✓ A taste test of: “The Indian Breakfast” the vegetarian / vegan special at the Blighty Cafe in Finsbury Park……Spot the Indian Flag.
There are days when I simply want a good old fashioned English breakfast, so having seen loads of their deliciously yummy looking photos on Instagram, I couldn’t wait any longer and simply had to visit Finsbury Park’s “best kept secret” cafe.
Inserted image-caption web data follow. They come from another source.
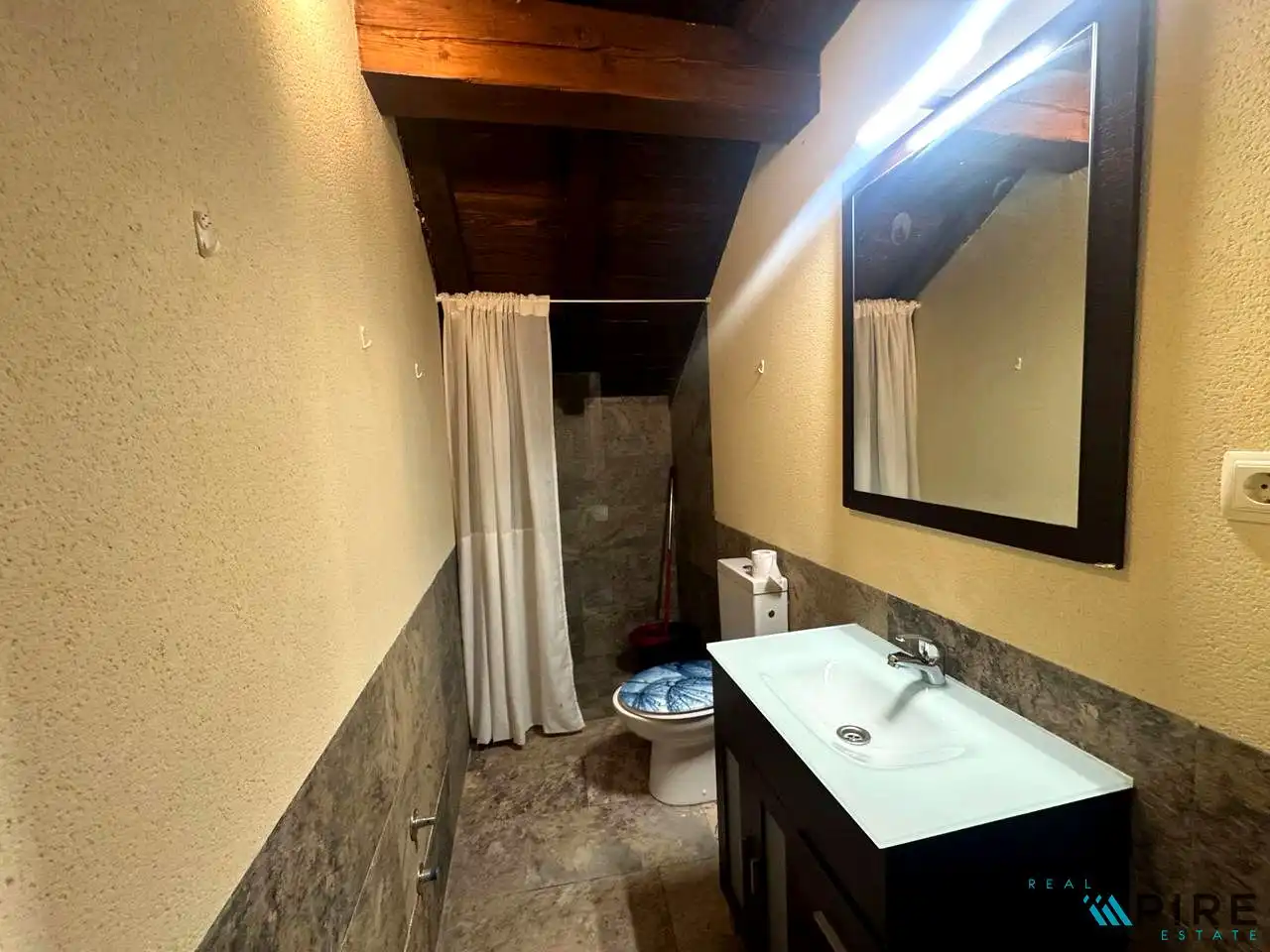 Baño de Casa o chalet de alquiler en Ortigosa del Monte con Calefacción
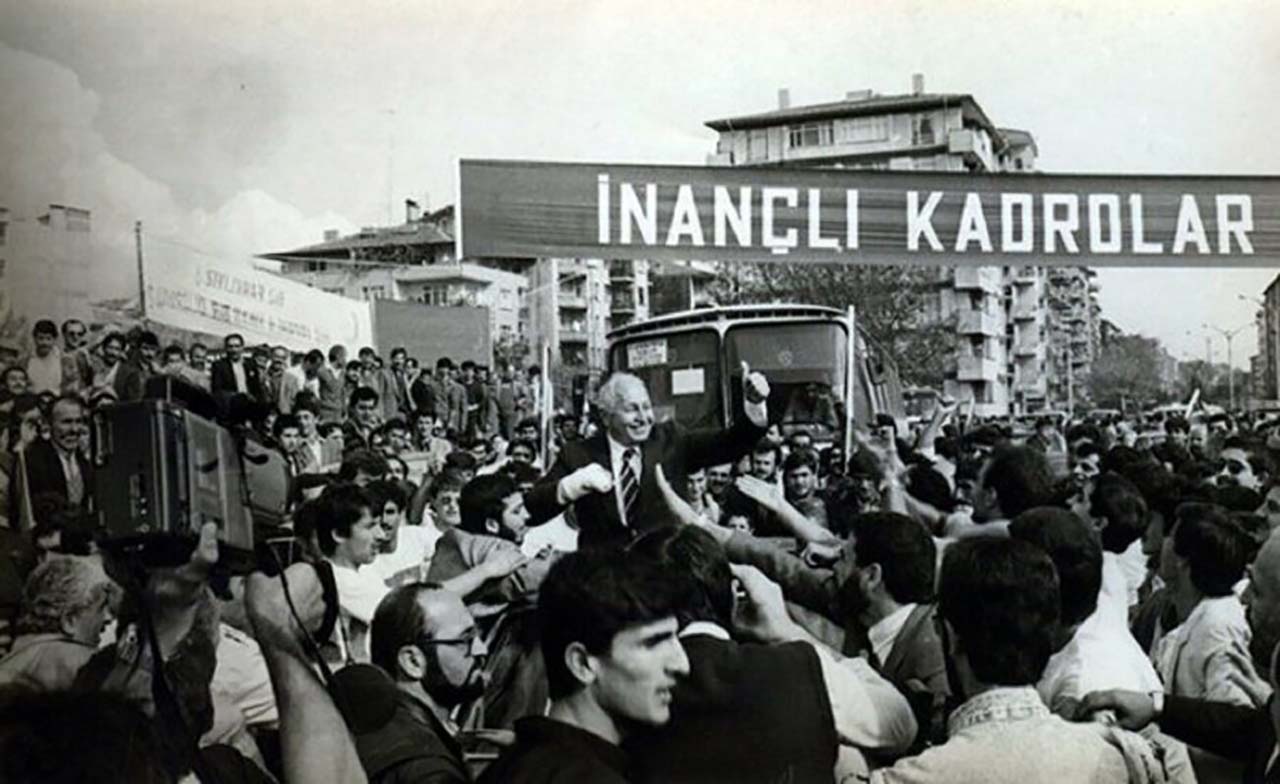 Erbakan Miting Esnasında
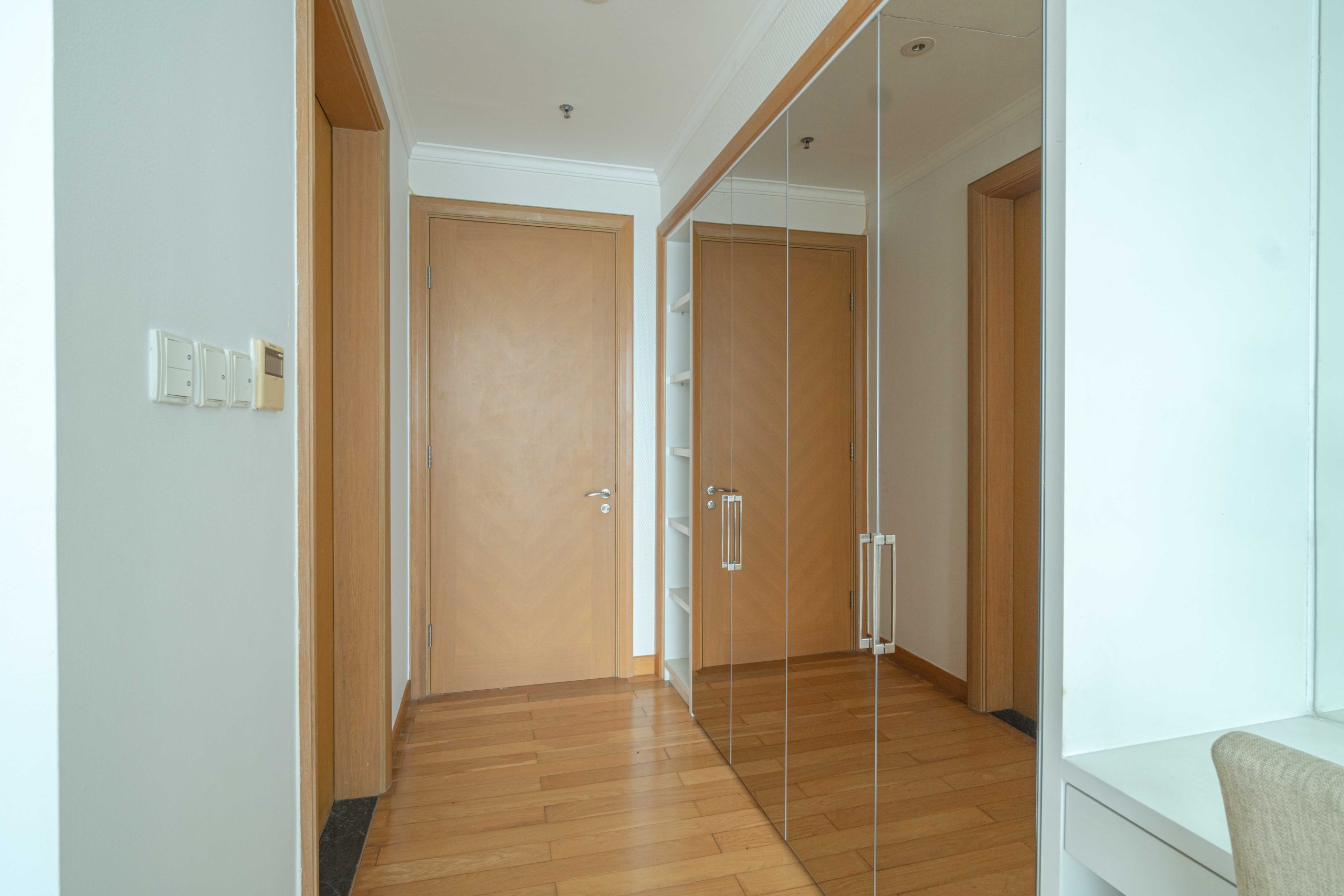 Kempinski Private Residence-4BR-Bedroom door Kempinski Private Residence – Elegant Four-Bedroom Living with Direct Mall Connectivity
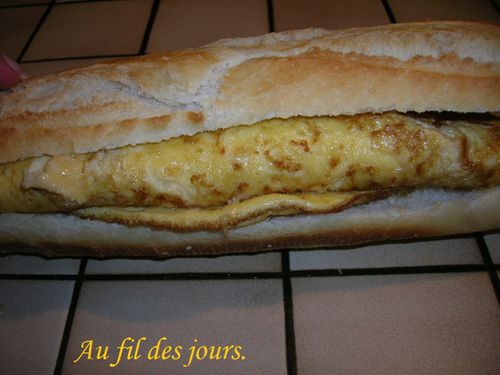 baguette omelette fromage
It’s a quaint English cafe but some of their dishes have a spicy Indian influenced twist.
On the day of my visit i ordered “The Indian Breakfast” which consisted of:
* Curried Scrambled Tofu (pan fried with a secret recipe blend of Indian Spices).
* Grilled Asparagus
* Sauteed Mushroom and Tomatoes (Marinated with Garlic Oil and Herbs
* Avocado Mash sprinkled with Salt, Pepper and Chilli Flakes
* Baked Beans
* Organic Sourdough Bread Toast drizzled with Olive Oil
* Wedge of Lemon
* Garnished with fresh Micro Salad Peashoots and Amaranth Leaves
The plate of food which got served up was MASSIVE and was literally enough for at least 2 people.
A special thank you to Head Chef Luiz, Ollie, Adriana and to all of the Blighty team who very much welcomed me and graciously allowed me a privileged glimpse into their “kitchen” to do the videoing.
& Twitter: @BlightyCafe
Blighty – “a Commonwealth of Nations cafe” is located at: 35-37 Blackstock Road, Finsbury Park, London, N4 2JF
(I don’t think they have a phone number, correct me if i’m wrong).
“Blighty” is a British English slang term for Great Britain / England.
Though it was used throughout the 1800s in India to mean an English or British visitor, it was first used during the Boer War in the specific meaning of homeland for the English or British and it was not until World War One that the use of the term became widespread.
The word derives from the Urdu word vilāyatī (regional bilāyatī), meaning “foreign” which more specifically came to be meaning “European”, and “British; English” during the time of the British Raj.
During World War I, “Dear Old Blighty” was a common sentimental reference, suggesting a longing for home by soldiers in the trenches.